TASK STATEMENT >>
Please transcribe exactly, and only, the lines of the data below between the line holding "Pennarelli per tessuti, ampiezza" and the line holding "Shared IRQ Line Considerations AN-PM-059", inclusive.

DATASET RECORDS >>
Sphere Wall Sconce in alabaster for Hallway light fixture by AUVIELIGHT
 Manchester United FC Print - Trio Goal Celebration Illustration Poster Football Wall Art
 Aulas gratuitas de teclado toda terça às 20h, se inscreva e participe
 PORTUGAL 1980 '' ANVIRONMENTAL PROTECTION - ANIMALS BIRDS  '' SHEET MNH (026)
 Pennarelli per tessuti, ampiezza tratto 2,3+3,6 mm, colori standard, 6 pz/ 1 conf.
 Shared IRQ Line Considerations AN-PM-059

* * *

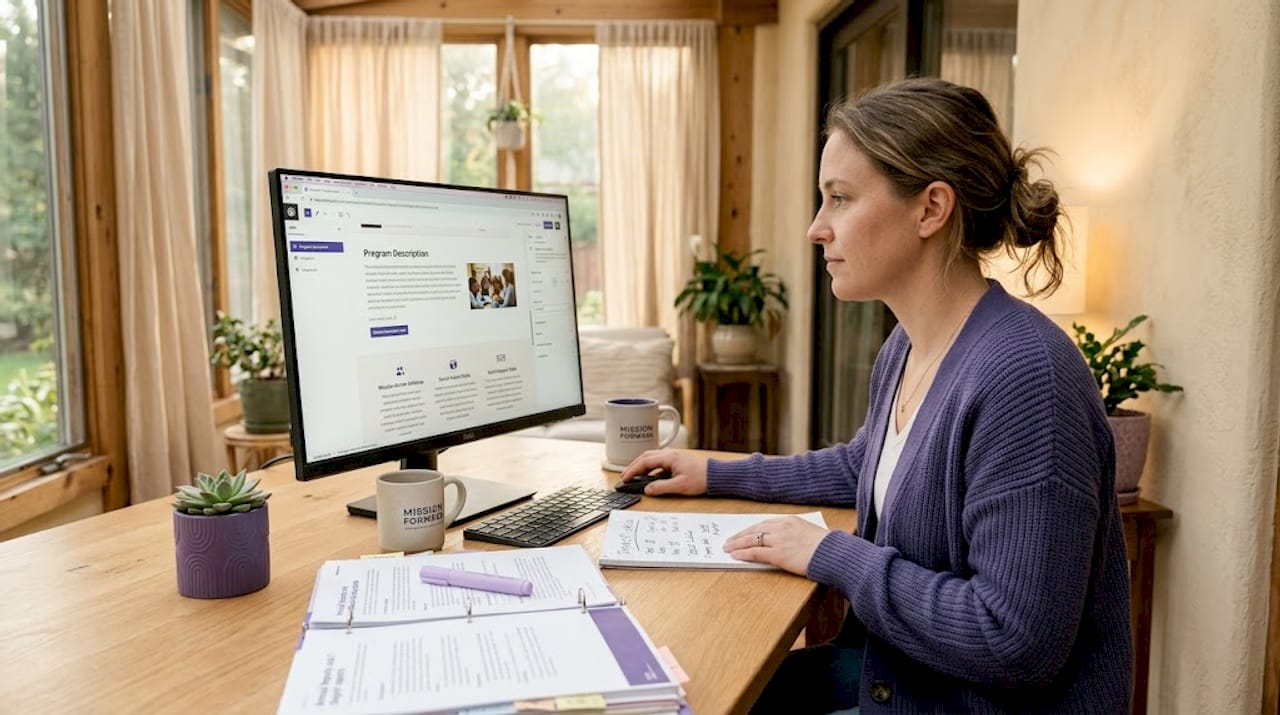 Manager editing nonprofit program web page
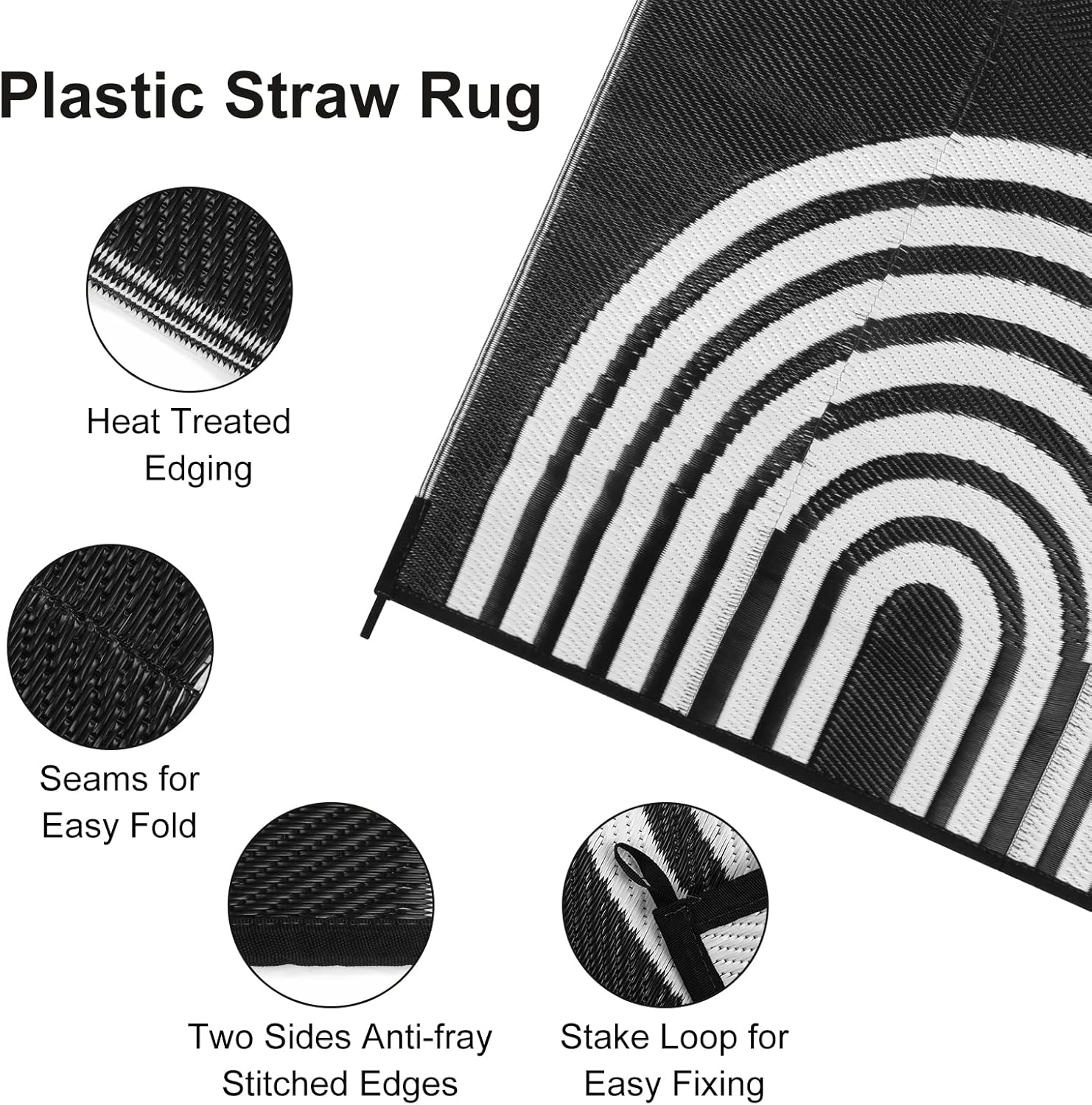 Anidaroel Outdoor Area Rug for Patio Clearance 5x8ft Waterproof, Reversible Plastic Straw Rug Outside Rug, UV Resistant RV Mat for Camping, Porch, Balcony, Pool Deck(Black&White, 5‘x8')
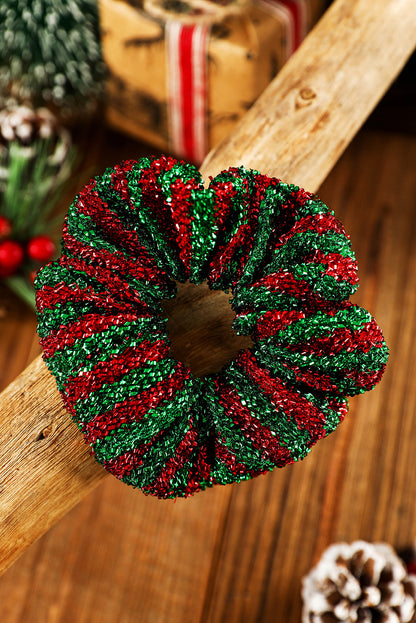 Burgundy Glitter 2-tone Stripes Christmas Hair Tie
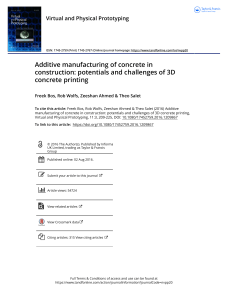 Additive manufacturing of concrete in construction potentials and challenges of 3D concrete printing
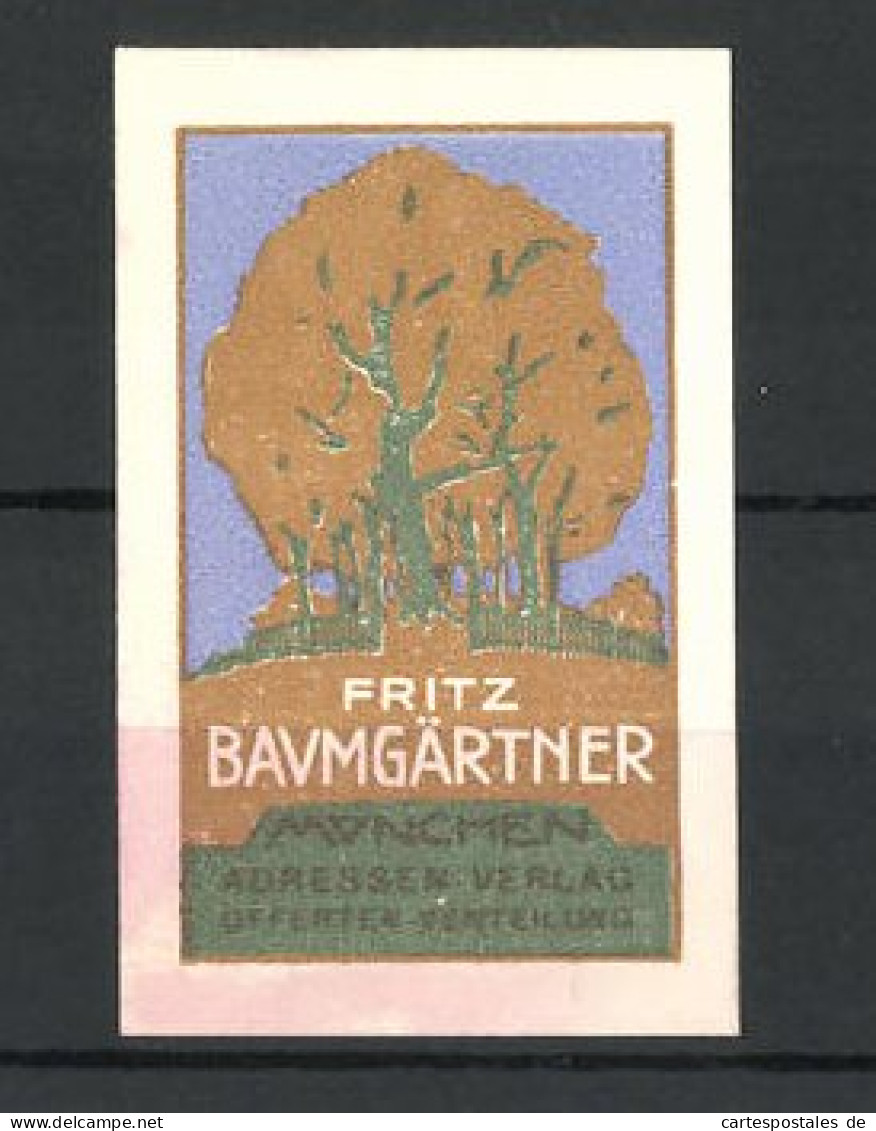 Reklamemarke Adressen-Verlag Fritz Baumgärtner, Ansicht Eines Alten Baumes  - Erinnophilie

SOLVED PROBLEM >>
 Pennarelli per tessuti, ampiezza tratto 2,3+3,6 mm, colori standard, 6 pz/ 1 conf.
 Shared IRQ Line Considerations AN-PM-059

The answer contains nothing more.